## What to produce
Exclude the pictures and reproduce the remaining data exactly as written.
--- Data block Enclosed Below ---
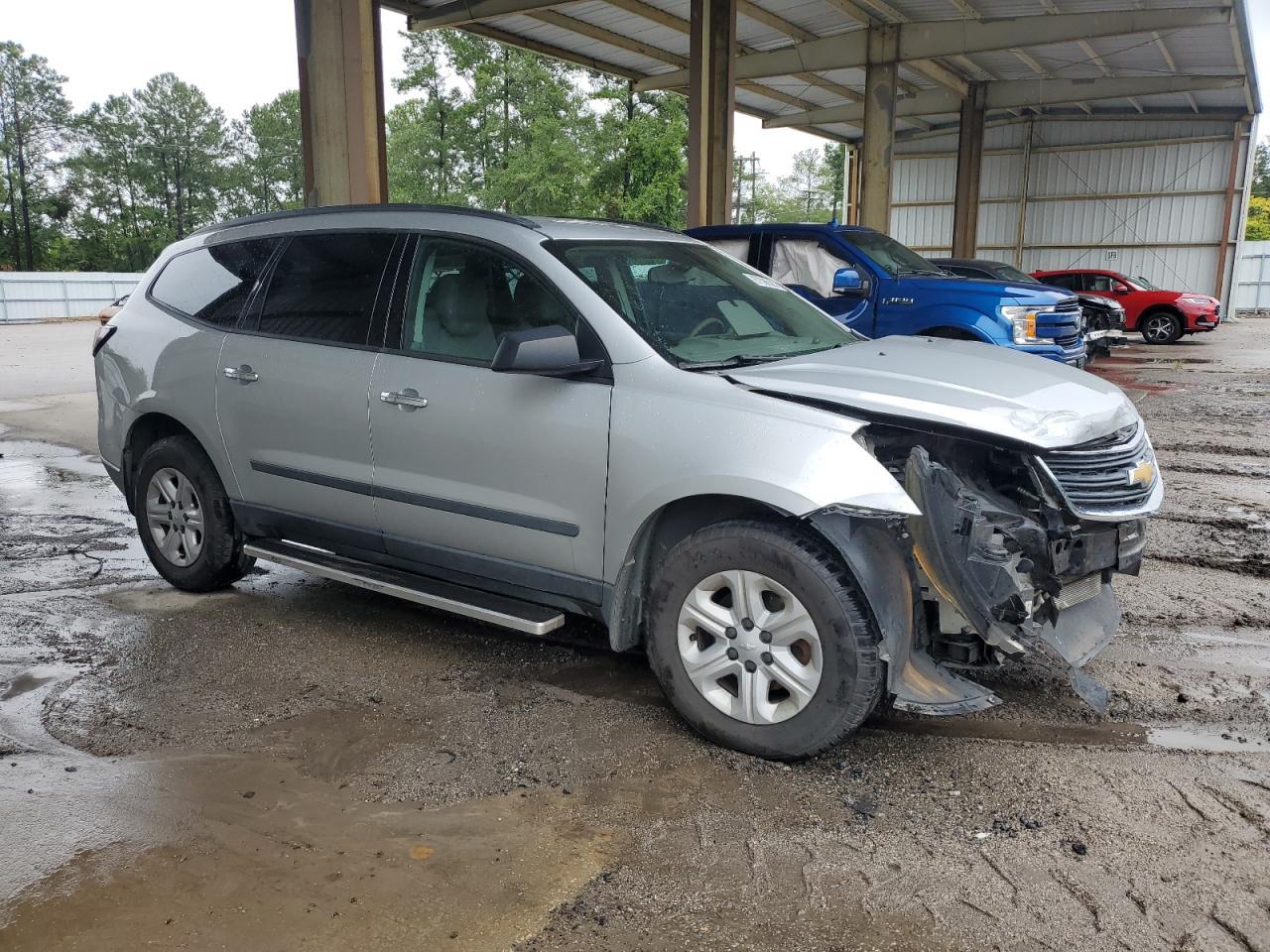 2017 Chevrolet Traverse Ls - Фото 4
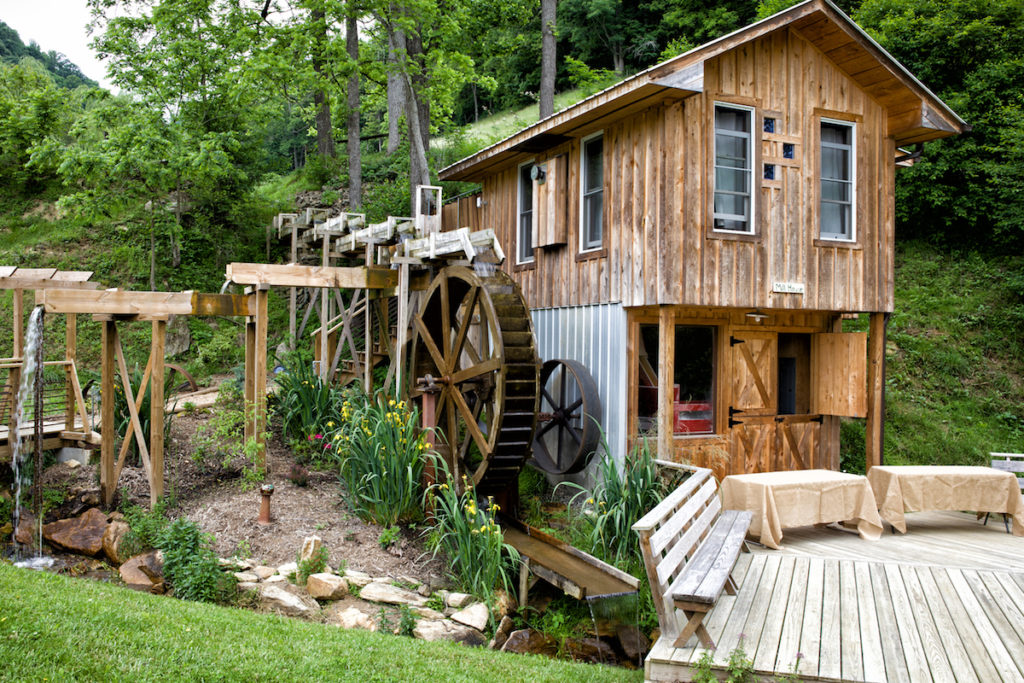 East Fork Farm, Marshall, NC | Farm Stay USA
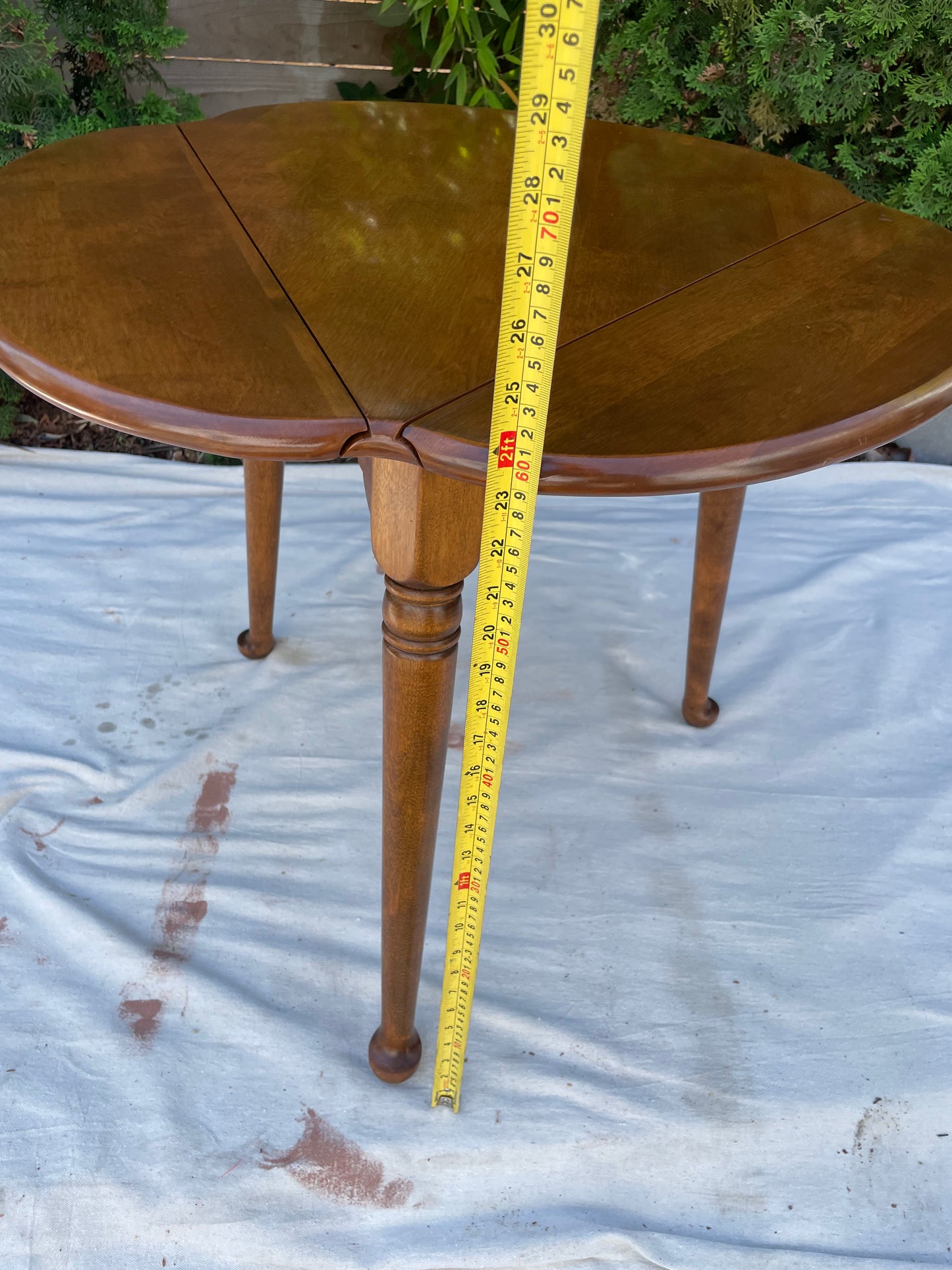 Ethan Allen Heirloom Nutmeg Maple Trefoil Drop Leaf Table, Model #0871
--- End of Enclosed Data block ---
## Problem solution
 2017 Chevrolet Traverse Ls - Фото 4
 East Fork Farm, Marshall, NC | Farm Stay USA
 Ethan Allen Heirloom Nutmeg Maple Trefoil Drop Leaf Table, Model #0871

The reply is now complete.